#### [Short text fragments from websites]
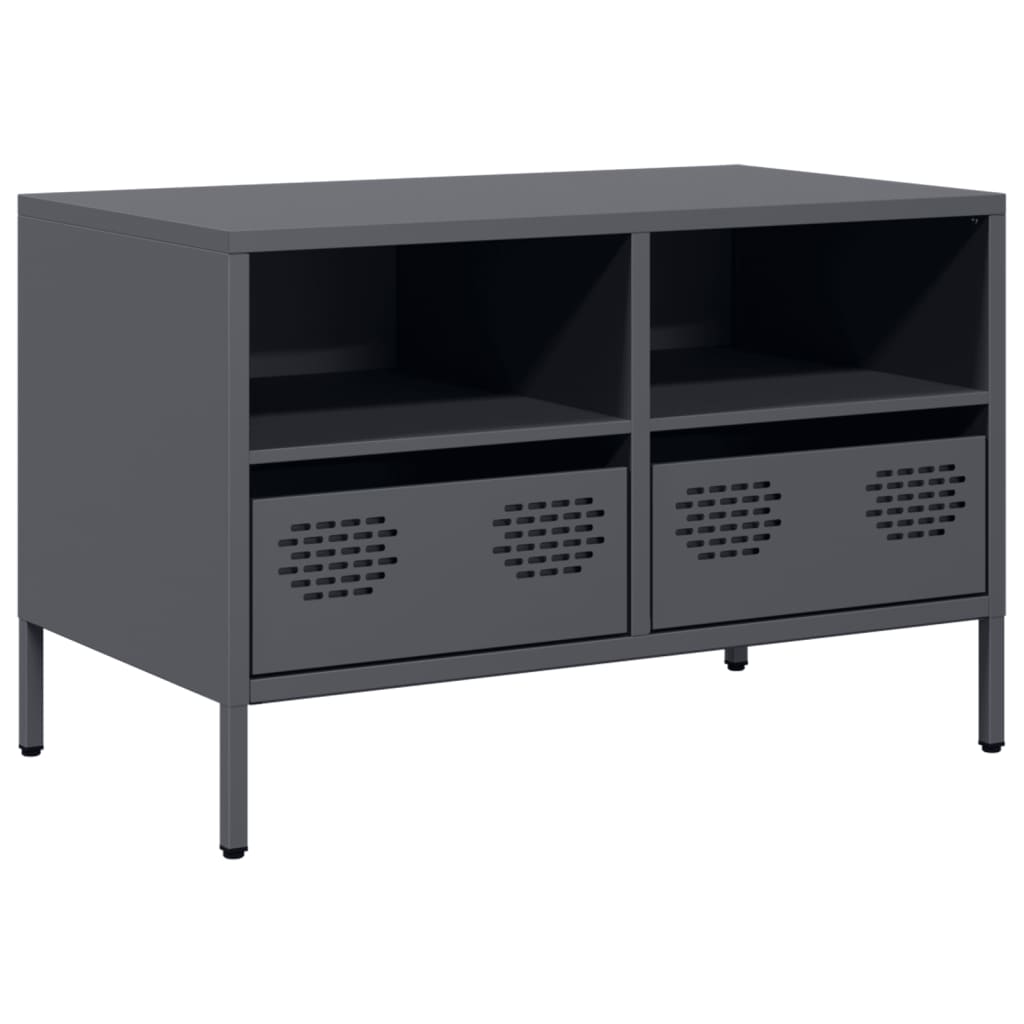Meuble TV anthracite 68x39x43,5 cm acier laminé à froid - XIOS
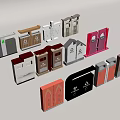 Collection Of Packaging Boxes With Different Designs Colors And Textures 3d model
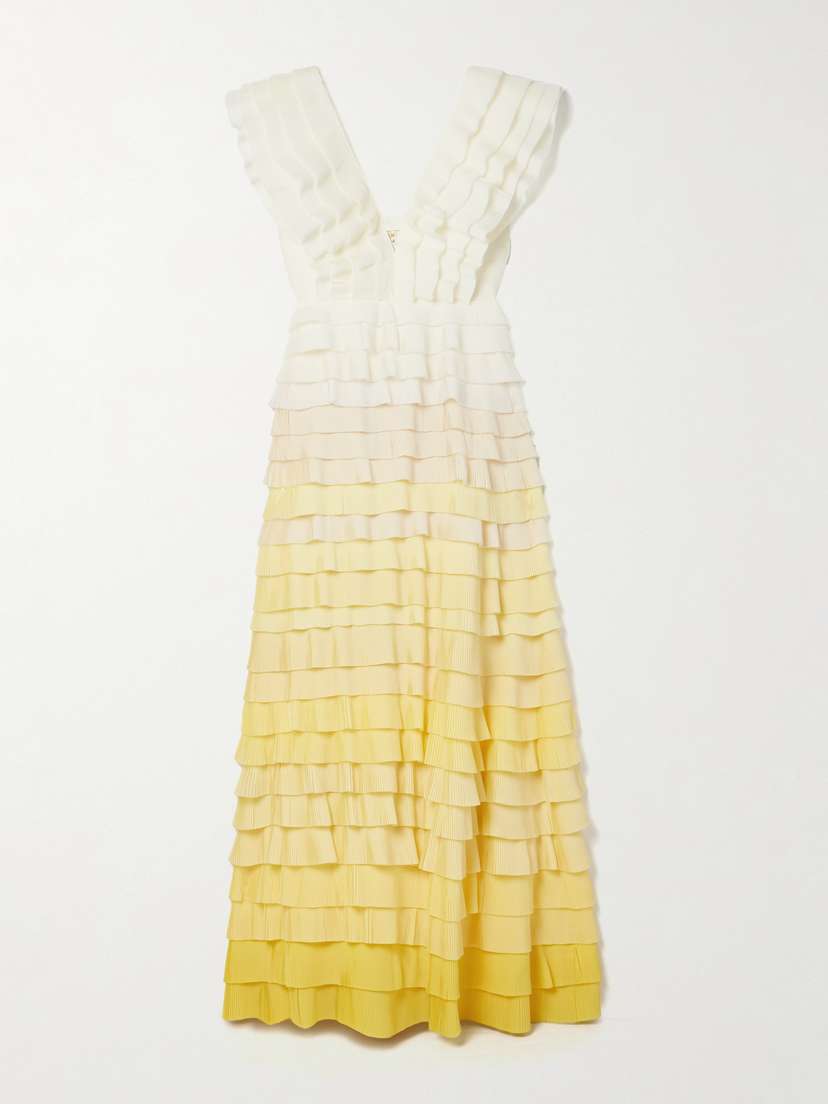 Aje Reflection Ruffled Ombré Plissé-organza Maxi Dress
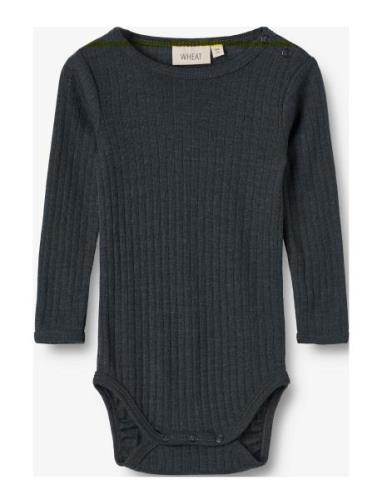 Wool Silk Body L/S Lucca Bodies Long-sleeved Navy Wheat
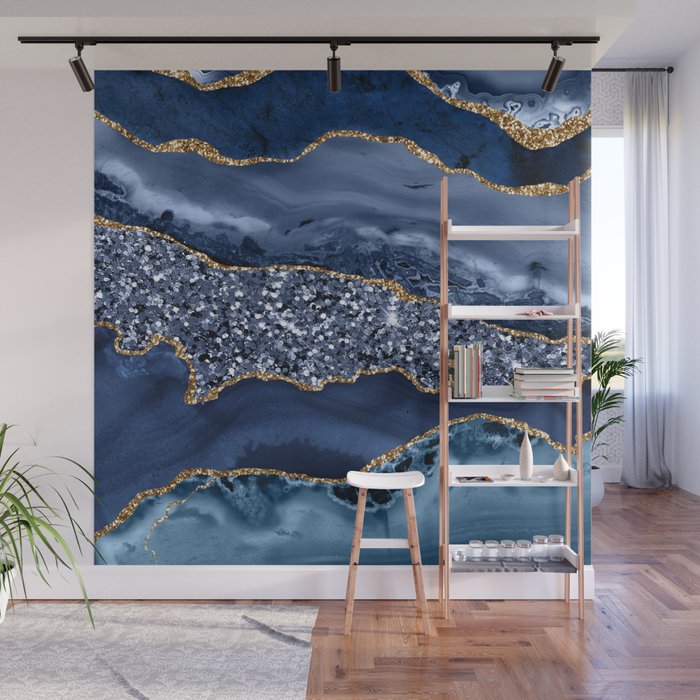 Agate Glitter Ocean Texture 07 Wall Mural by Bridax | Society6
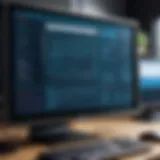 A vintage computer displaying old project management software interface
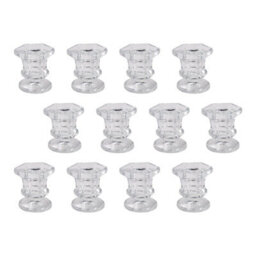 Living And Home 12 Pack Clear Soda Lime Glass Taper Candle Holders For Wedding Table Centerpiece Decor - thumbnail 5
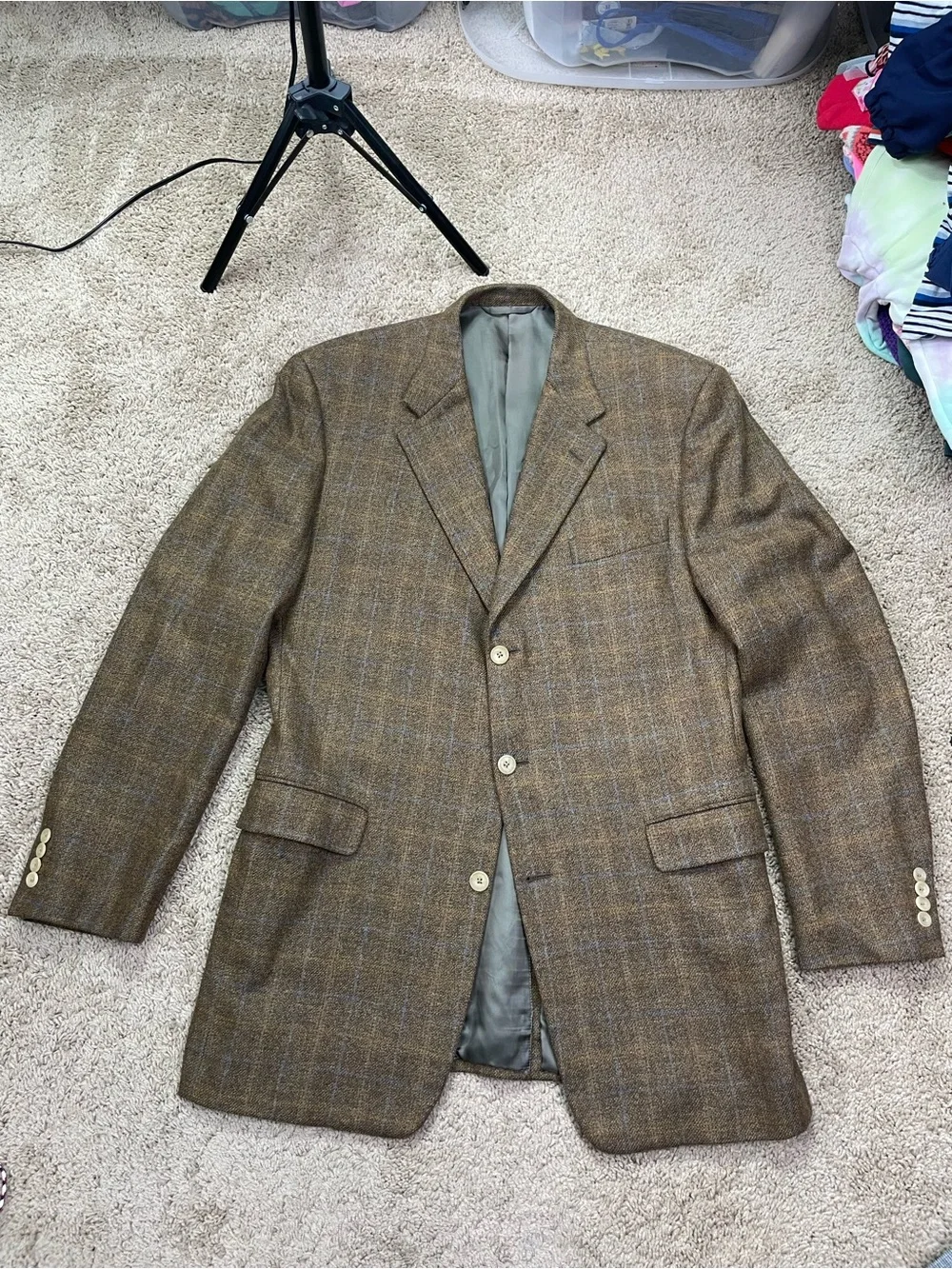 Hickey Freeman Brown Plaid Wool Sport Coat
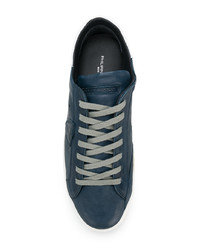 dunkelblaue Leder niedrige Sneakers von Philippe Model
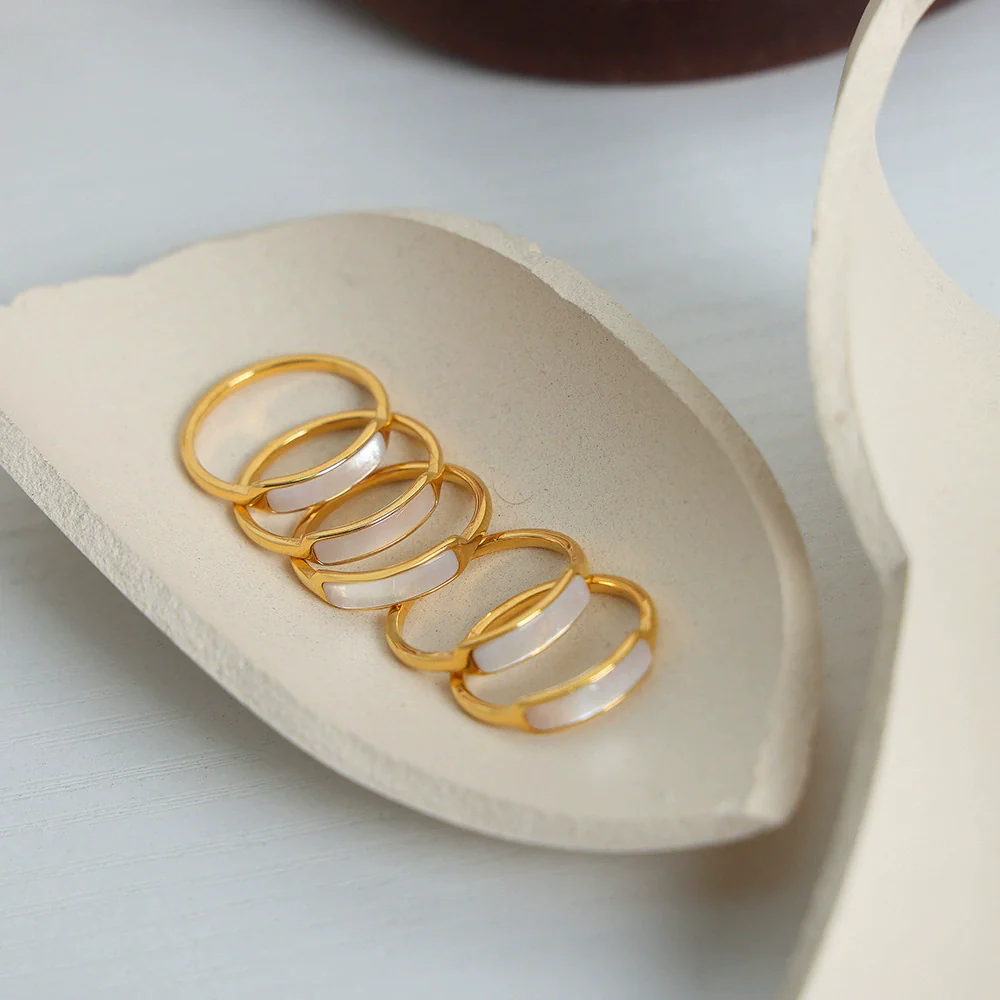 Wholesale Women's Geometric Niche Style Electroplated Titanium Steel Ring Jewelry - Image 2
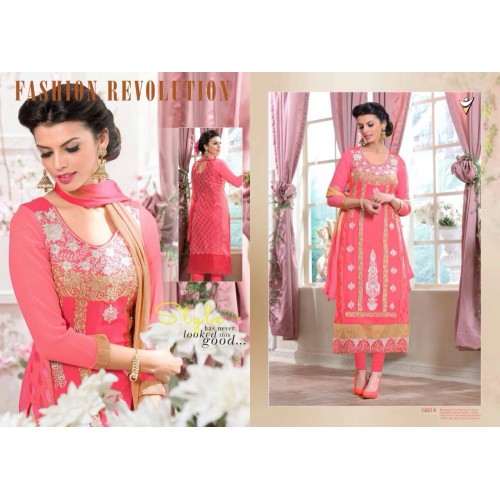 Peach Veera 3 GEORGETTE Casual Wear Salwar Kameez - Asian Party Wear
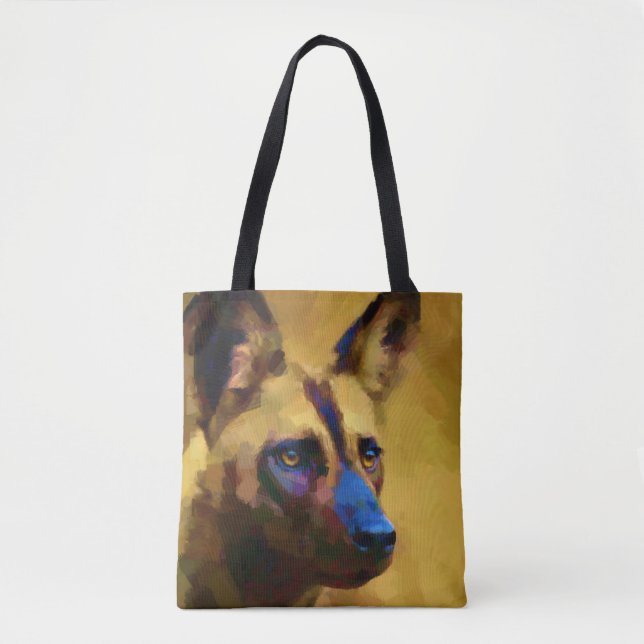 Bolsa Tote Lobo Pintado (Frente)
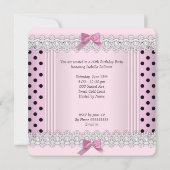 かわいいピンク水玉模様ハイヒール誕生日パーティー 招待状 (裏面)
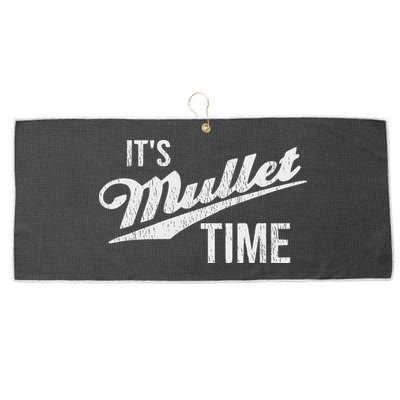 It's Mullet Time, Funny Redneck Mullet Large Microfiber Waffle Golf Towel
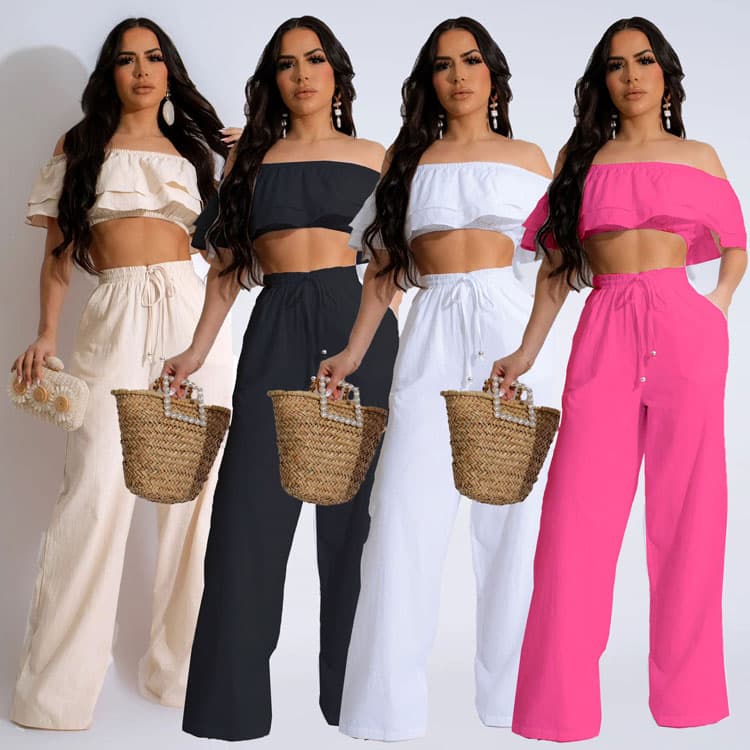 Stylish Ruffled Women Suit Wholesale Cropped off Shoulder Top Factory Direct Loose Straight Trousers Custom logo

#### [Activity]
Nothing but the lines from the start of the records above through the line with "Hickey Freeman Brown Plaid Wool Sport Coat" should be retyped, each exactly as written; leave out all pictures.

#### [Written solution]
Meuble TV anthracite 68x39x43,5 cm acier laminé à froid - XIOS
 Collection Of Packaging Boxes With Different Designs Colors And Textures 3d model
 Aje Reflection Ruffled Ombré Plissé-organza Maxi Dress
 Wool Silk Body L/S Lucca Bodies Long-sleeved Navy Wheat
 Agate Glitter Ocean Texture 07 Wall Mural by Bridax | Society6
 A vintage computer displaying old project management software interface
 Living And Home 12 Pack Clear Soda Lime Glass Taper Candle Holders For Wedding Table Centerpiece Decor - thumbnail 5
 Hickey Freeman Brown Plaid Wool Sport Coat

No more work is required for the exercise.